Edwards was a faculty member at ABAC for 35 years and the organist at Tifton's First Baptist Church for more than 50 years. In 1965, Edwards was honored as the first recipient of the Distinguished Professor Award at ABAC.

Untold numbers of Georgians enjoyed Edwards' piano concerts until he died at the age of 82 on May 27, 2009. Edwards was a soloist with the University of Georgia Symphony, the Atlanta Pops Orchestra, and the Atlanta Chamber Orchestra.

A graduate of Covington High School, Edwards and his family moved to Tifton after his graduation, where he attended ABAC, completing his degree in 1945. He continued his education at UGA, where he received a bachelor of fine arts degree in Music/English in 1953 and a master of fine arts degree in 1958. In 1971, he completed his doctorate degree in interdepartmental humanities.

Edwards taught part-time at ABAC while serving as the Glee Club instructor and piano teacher at Tifton High School before assuming a full-time instructor's position at ABAC in 1957. Named to Who's Who in Music International in 1962, Edwards was a former president of the Tifton Concert Association.

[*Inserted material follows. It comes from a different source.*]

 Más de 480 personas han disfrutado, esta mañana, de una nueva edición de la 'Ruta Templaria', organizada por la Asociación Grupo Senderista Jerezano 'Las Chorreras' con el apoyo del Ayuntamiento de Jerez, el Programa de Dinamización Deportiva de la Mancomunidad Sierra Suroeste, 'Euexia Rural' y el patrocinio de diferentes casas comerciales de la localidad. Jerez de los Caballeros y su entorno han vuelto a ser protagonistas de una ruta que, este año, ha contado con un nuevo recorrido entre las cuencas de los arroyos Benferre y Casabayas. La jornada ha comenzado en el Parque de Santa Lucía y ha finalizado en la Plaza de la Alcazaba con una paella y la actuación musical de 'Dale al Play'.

In 1971, he was selected as one of the Outstanding Educators in America.

After being a part of ABAC either as a student or as a faculty member for a portion of five decades, Edwards had a special appreciation for the small-town flavor of the college.

"I feel the friendliness still exists because we have a 'the door is always open' attitude toward the students," Edwards said when he retired in 1989. "The faculty and staff at ABAC really care, and it shows."

The dedication program included remarks from Bridges, Fine Arts Department Head Susan Roe, Associate Professor Emerita of English Rosalyn Ray Donaldson, Tifton's First Baptist Church pastor the Rev. Wayne Roe, and ABAC Director of Public Relations Emeritus Michael D. Chason. Jennifer Huang, an assistant professor of piano, also performed a piano tribute to Edwards.